Background: Sessile serrated adenomas/polyps are distinguished from hyperplastic colonic polyps subjectively by their endoscopic appearance and histological morphology. However, hyperplastic and sessile serrated polyps can have overlapping morphological features resulting in sessile serrated polyps diagnosed as hyperplastic. While sessile serrated polyps can progress into colon cancer, hyperplastic polyps have virtually no risk for colon cancer. Objective measures, differentiating these types of polyps would improve cancer prevention and treatment outcome.
Methods: RNA-seq training data set and Affimetrix, Illumina testing data sets were obtained from Gene Expression Omnibus (GEO). RNA-seq single-end reads were filtered with FastX toolkit. Read mapping to the human genome, gene abundance estimation, and differential expression analysis were performed with Tophat-Cufflinks pipeline. Background correction, normalization, and probe summarization steps for Affimetrix arrays were performed using the robust multi-array method (RMA). For Illumina arrays, log2-scale expression data was obtained from GEO. Pathway analysis was implemented using Bioconductor package GSAR. To build a platform-independent molecular classifier that accurately differentiates sessile serrated and hyperplastic polyps we developed a new feature selection step. We also developed a simple procedure to classify new samples as either sessile serrated or hyperplastic with a class probability assigned to the decision, estimated using Cantelli's inequality.
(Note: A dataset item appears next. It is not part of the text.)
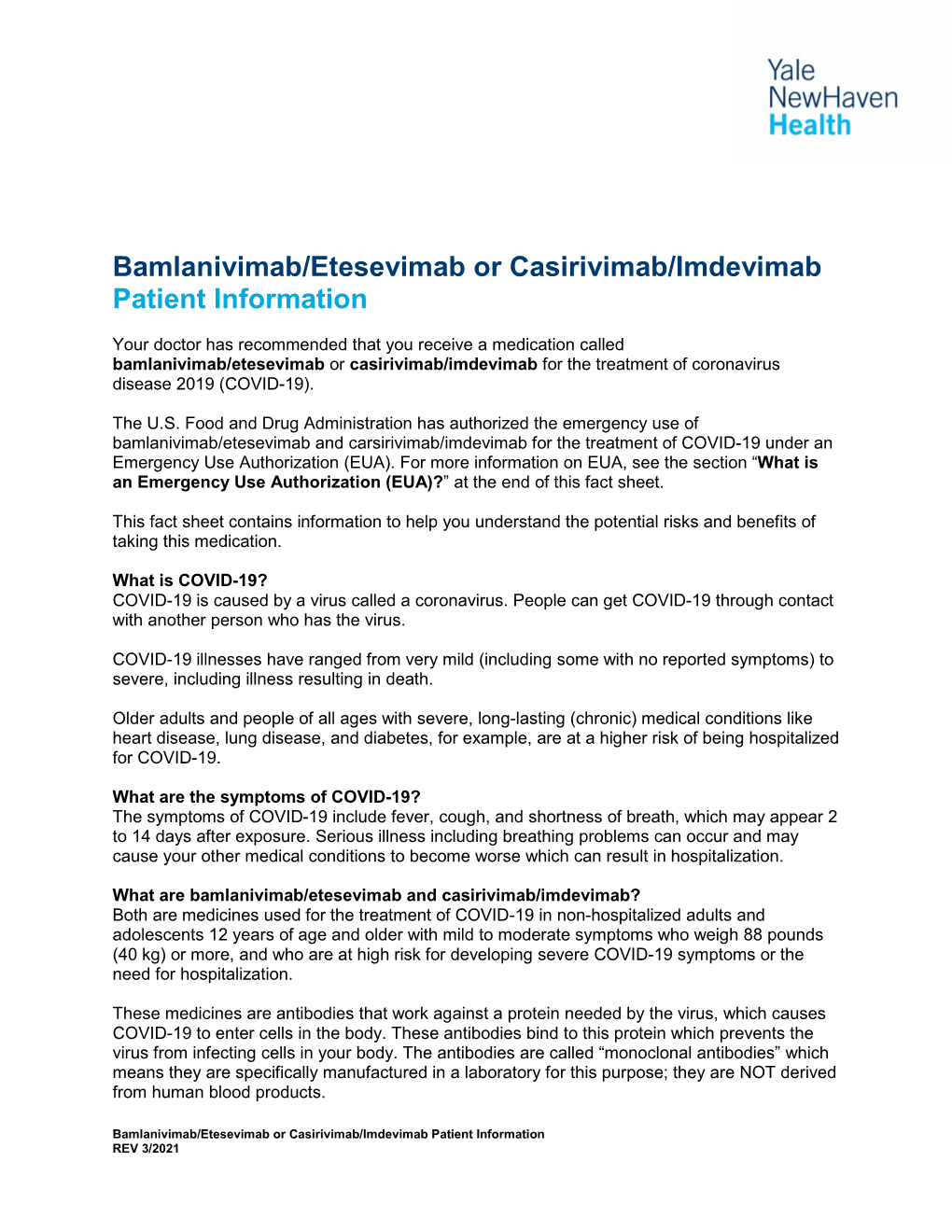 Bamlanivimab/Etesevimab Or Casirivimab/Imdevimab Patient Information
Results: The classifier trained on RNA-seq data and tested on two independent microarray data sets resulted in zero and three errors. The classifier was further tested using quantitative real-time PCR expression levels of 45 blinded independent formalin-fixed paraffin-embedded specimens and was highly accurate. Pathway analyses have shown that sessile serrated polyps are distinguished from hyperplastic polyps and normal controls by: up-regulation of pathways implicated in proliferation, inflammation, cell-cell adhesion and down-regulation of serine threonine kinase signaling pathway; differential co-expression of pathways regulating cell division, protein trafficking and kinase activities.
Conclusions: Most of the differentially expressed pathways are known as hallmarks of cancer and likely to explain why sessile serrated polyps are more prone to neoplastic transformation than hyperplastic. The new molecular classifier includes 13 genes and may facilitate objective differentiation between two polyps.
Keywords: Cantelli’s inequality; Feature selection; Formalin-fixed paraffin-embedded; Hyperplastic polyps; Microarrays; Molecular signature; RNA-seq; Sessile serrated adenoma/polys; Shrunken centroid classifier; Summary metric.